* Assignment *
In your copy, leave out the pictures and output only the lines from the one holding "to Climate Change" through the end of the data below, exactly.

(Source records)
##############################
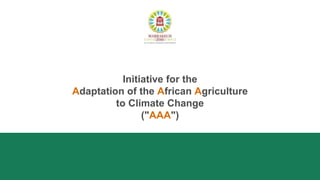 Initiative for the
Adaptation of the African Agriculture
to Climate Change
("AAA")
 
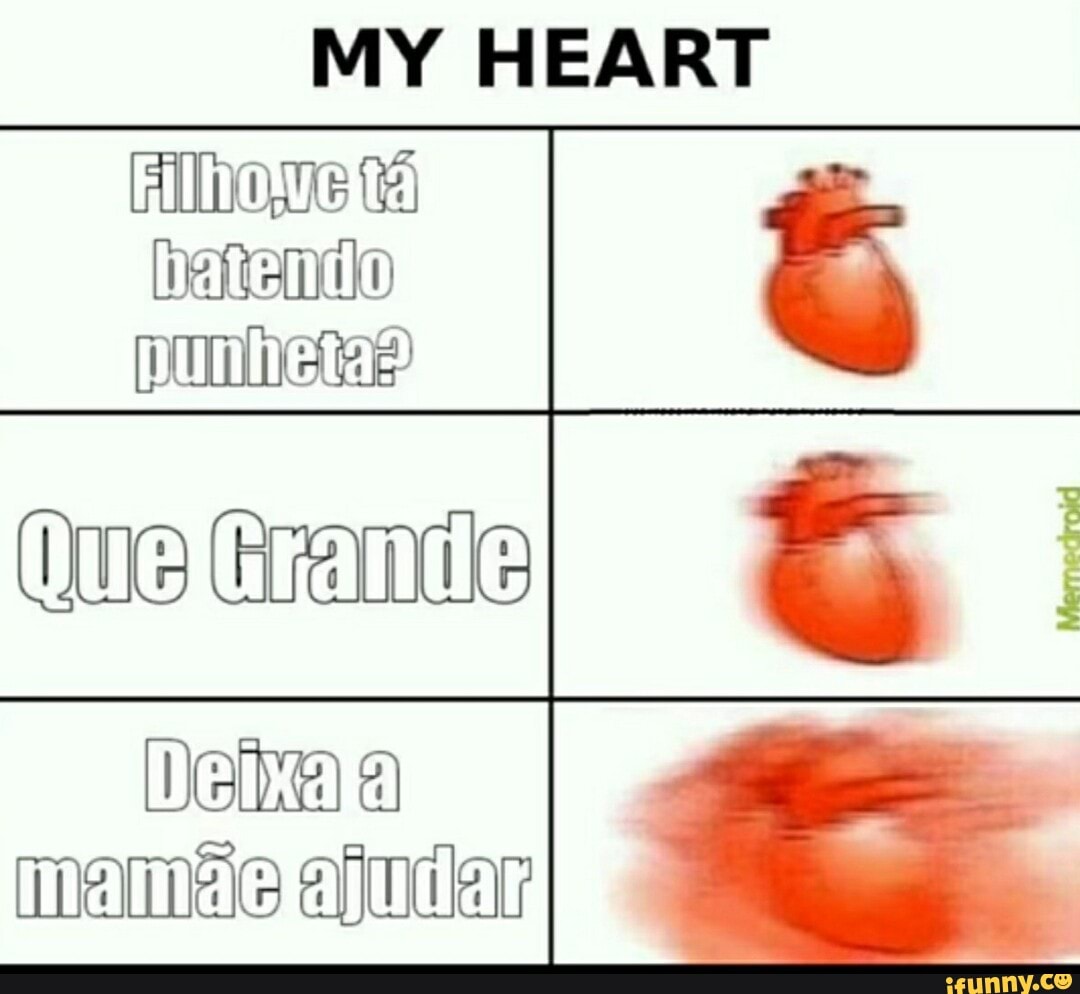 MY HEART
Deixaja
TAme aindar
##############################
* Task response *
to Climate Change
("AAA")
 
 MY HEART
Deixaja
TAme aindar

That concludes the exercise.